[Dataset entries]

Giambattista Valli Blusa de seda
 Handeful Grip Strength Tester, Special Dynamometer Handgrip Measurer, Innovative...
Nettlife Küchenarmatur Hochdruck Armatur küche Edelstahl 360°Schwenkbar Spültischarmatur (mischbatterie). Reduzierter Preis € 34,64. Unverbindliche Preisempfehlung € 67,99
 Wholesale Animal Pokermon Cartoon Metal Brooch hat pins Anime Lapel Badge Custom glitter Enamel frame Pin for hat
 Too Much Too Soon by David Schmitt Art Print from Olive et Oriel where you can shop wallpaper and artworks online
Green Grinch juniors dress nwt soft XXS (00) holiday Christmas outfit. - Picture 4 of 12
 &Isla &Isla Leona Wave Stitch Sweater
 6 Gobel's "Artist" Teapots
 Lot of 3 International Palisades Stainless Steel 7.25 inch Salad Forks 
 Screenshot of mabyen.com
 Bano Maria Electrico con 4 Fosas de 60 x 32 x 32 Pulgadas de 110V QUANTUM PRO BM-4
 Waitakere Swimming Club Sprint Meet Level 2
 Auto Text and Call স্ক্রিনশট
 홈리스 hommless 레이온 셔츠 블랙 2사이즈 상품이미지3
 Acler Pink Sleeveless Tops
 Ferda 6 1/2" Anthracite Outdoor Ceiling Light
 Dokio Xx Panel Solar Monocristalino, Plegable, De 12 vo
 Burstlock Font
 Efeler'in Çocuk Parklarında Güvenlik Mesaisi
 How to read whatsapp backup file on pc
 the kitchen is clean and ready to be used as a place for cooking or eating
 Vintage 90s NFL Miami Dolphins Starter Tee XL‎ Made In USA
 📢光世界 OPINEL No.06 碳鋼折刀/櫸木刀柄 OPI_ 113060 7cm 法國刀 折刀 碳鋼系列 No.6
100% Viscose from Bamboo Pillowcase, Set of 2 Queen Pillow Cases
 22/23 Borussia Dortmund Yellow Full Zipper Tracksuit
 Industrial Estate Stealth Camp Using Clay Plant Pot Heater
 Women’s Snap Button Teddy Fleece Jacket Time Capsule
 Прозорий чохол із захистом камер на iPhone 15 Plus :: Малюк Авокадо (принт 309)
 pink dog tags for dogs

Brief ->
Wherever the word "from" appears in a line of the data, copy that line.

Solution ->
 Too Much Too Soon by David Schmitt Art Print from Olive et Oriel where you can shop wallpaper and artworks online
100% Viscose from Bamboo Pillowcase, Set of 2 Queen Pillow Cases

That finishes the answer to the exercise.